Correctness: The proof of the main result is a simple combination of “Gradients as Features for Deep Representation Learning”, Mu 2020, and “Mean-field Behaviour of Neural Tangent Kernel for Deep Neural Networks”, Hayou 2019. Thus, it is easy to check. The authors propose a fair definition of “convergence time”, based on the number of epochs needed to bring the loss under a threshold epsilon*L_0, where epsilon is chosen by the user (and discussed by the authors) and L_0 is the loss after 150 epochs. The authors assume that, after 150 epochs, the NN has converged. It may be the case with their datasets and models, but this criterion would not hold for more complex tasks. I suggest, for instance, that training ends when the loss has not decreased by a factor epsilon over the last T epochs (where epsilon and T will be discussed and fixed). The authors only provide the error rate of their predictions, but do not indicate whether their method tends to overestimate or underestimate the training time. We can see some clues in the supplementary material, but this should appear in the paper.

Clarity: There is no major writing issue. Just one remark: the paper “Mean-field behaviour of neural tangent kernel for deep neural networks” has two entries in the bibliography instead of one.

Relation to Prior Work: To build their method, the authors assumed that the NN to be trained is in fact already pre-trained. This assumption justifies the “linear approximation”, which is absolutely necessary. As explained by the authors, this framework comes from the article “Gradients as Features for Deep Representation Learning”, Mu 2020. They have combined it with one theoretical result of the article “Mean-field Behaviour of Neural Tangent Kernel for Deep Neural Networks”, Hayou 2019, to obtain their theoretical result. Concerning the “prior works”, I expected that some methods for learning curve prediction would be cited (e.g. "Learning Curve Prediction with Bayesian Neural Networks", Klein 2017, contains a few references). To my knowledge, they are the closest works to the presented method, although they are not concurrent. At least, a short discussion between the actual goal of the authors and learning curve prediction should be presented. Moreover, the authors tried to perform learning curve prediction (but in the appendix only).

Reproducibility: Yes

Additional Feedback:

Review 4

Summary and Contributions: This paper proposes a way to predict the number of optimization steps that a pre- trained deep network needs to converge to a given value of the loss function. It assumes that the deep network during fine-tuning are approximated by those of a linearized model.

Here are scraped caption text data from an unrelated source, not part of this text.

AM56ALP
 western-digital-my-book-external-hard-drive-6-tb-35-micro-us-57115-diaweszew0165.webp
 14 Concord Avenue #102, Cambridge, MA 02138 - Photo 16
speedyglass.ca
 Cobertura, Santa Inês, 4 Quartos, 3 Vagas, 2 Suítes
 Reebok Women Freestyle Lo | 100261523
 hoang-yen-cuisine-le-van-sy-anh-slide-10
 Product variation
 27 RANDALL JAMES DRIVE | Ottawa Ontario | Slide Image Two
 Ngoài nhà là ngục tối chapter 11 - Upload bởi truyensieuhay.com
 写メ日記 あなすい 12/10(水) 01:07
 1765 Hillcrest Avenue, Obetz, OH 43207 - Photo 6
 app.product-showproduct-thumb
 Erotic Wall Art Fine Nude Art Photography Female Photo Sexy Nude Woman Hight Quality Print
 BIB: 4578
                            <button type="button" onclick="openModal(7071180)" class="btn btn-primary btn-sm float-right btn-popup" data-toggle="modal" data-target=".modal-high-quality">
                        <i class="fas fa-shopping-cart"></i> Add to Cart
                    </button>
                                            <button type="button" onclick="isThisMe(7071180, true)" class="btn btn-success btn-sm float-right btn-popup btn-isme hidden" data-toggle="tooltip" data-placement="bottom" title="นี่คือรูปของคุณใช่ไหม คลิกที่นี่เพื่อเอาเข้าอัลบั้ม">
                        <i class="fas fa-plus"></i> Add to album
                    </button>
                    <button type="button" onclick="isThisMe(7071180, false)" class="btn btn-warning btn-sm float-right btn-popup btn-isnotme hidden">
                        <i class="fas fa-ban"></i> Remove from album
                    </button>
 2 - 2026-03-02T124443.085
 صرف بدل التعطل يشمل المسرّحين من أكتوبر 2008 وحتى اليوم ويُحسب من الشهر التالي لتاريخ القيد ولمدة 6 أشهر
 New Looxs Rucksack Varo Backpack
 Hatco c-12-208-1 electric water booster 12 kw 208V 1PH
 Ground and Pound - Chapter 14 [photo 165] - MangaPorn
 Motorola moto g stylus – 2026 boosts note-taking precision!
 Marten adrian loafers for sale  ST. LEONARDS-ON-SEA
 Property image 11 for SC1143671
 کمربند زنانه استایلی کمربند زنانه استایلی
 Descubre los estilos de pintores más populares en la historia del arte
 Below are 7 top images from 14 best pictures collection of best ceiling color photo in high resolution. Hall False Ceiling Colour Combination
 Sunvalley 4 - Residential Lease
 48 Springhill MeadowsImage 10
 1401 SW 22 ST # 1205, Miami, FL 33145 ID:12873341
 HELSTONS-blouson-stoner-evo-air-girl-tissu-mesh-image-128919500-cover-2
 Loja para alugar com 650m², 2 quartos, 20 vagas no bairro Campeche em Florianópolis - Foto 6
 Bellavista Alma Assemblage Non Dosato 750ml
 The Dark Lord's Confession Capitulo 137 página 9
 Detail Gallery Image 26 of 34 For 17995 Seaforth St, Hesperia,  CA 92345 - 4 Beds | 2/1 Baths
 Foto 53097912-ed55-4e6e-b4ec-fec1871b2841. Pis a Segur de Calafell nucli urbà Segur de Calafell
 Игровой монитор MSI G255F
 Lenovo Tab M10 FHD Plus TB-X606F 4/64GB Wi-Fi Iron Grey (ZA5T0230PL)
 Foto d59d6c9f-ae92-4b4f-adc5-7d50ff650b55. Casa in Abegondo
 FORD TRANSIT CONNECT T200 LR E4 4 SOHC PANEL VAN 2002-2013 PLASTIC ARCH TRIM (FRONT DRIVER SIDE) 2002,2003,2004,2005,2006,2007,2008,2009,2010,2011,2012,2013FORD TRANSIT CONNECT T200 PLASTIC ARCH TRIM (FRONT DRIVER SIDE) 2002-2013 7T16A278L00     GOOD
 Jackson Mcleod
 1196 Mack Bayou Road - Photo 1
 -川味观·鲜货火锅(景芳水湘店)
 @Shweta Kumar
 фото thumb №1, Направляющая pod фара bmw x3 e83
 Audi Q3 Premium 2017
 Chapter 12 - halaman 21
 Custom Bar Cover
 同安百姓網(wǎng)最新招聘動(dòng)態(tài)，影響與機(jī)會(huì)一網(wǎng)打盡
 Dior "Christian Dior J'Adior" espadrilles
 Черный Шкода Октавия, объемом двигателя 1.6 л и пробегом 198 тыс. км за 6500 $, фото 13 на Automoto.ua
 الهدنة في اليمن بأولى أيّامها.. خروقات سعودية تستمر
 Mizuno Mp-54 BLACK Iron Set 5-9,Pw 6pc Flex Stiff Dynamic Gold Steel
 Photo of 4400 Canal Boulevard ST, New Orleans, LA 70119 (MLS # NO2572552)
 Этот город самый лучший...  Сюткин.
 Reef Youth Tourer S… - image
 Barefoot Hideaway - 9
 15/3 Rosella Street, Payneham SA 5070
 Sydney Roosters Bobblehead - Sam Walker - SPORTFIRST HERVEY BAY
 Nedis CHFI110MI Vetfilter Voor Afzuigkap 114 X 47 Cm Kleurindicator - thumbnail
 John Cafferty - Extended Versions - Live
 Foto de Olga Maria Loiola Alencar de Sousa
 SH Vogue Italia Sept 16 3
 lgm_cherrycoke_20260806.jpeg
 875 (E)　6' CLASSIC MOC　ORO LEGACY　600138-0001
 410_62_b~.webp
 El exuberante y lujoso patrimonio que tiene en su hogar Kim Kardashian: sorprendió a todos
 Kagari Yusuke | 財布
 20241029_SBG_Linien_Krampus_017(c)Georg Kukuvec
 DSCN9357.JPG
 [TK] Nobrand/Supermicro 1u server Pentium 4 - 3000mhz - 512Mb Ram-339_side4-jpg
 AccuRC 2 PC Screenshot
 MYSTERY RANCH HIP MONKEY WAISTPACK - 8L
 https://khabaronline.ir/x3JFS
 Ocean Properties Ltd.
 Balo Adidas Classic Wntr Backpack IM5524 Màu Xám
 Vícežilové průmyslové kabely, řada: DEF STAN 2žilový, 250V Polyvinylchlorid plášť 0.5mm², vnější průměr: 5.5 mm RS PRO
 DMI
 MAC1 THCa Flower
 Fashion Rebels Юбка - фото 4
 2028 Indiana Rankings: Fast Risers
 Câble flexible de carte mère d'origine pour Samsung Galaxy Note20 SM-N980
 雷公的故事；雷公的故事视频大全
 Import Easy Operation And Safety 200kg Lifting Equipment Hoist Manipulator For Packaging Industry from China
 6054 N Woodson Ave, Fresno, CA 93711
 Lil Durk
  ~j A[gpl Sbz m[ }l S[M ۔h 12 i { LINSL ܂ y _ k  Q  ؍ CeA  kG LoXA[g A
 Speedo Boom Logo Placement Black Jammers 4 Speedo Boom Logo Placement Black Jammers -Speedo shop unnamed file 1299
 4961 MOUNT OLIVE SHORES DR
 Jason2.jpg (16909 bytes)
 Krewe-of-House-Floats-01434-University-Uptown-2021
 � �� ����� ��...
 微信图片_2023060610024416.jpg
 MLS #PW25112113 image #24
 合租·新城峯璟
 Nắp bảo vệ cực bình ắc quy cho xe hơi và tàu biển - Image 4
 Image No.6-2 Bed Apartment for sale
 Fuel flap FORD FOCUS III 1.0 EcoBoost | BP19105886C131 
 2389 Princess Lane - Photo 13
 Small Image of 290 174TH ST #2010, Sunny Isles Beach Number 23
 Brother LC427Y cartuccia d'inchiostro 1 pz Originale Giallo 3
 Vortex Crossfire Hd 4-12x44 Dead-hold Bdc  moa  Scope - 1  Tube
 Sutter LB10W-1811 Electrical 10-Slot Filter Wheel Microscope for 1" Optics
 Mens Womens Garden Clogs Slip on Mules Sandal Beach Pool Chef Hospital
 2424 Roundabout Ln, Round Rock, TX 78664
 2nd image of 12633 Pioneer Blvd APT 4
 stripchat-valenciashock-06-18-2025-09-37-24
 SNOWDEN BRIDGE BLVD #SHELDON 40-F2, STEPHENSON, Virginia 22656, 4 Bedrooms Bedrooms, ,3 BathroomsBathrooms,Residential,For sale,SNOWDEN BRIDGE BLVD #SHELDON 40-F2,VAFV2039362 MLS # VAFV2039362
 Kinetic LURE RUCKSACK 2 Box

Strengths: It tackles an interesting problem, predicting the training time with different batch sizes and learning rates. It is tested on various datasets.

Weaknesses: The method assumes when a pre-trained network is fine-tuned, the solution remains close to the pre-trained weights which is not true for the datasets that are visually different and have a domain gap with the pre-training dataset. That's a big limitation of the work. With that limitation, the use case is limited. What are the accuracy of the trained models? Are they trained long enough to converge to their top accuracy? What are the accuracies of a network when trained long enough as in the real training time and when trained in predicted training time - is there a big gap? What is the dataset size in Figure 6 - is it 50, 250 and 625 images for training?

Correctness: The paper claims predicting training time. I am not sure if the predicted times match similar accuracies.

Clarity: The introduction starts by talking a linearized version of the DNN, I don't know what linearized version is. In Figure 1, is the predicted-real training times are plotted by increasing the dataset size, changing the batch size or learning rate? caption and figure don't say. What are the numbers in Table 1? Datasets are not explained, for example I don't know what surfaces dataset is, and how big it is.

Relation to Prior Work: The paper states that predicting the training time of a state-of-the-art architecture on large scale datasets is a relatively understudied topic. This paper is also the first one I read in this topic.

Reproducibility: Yes

Additional Feedback: I thank the authors for the rebuttal. After reading it and other reviewers comments, I increase my score to 6.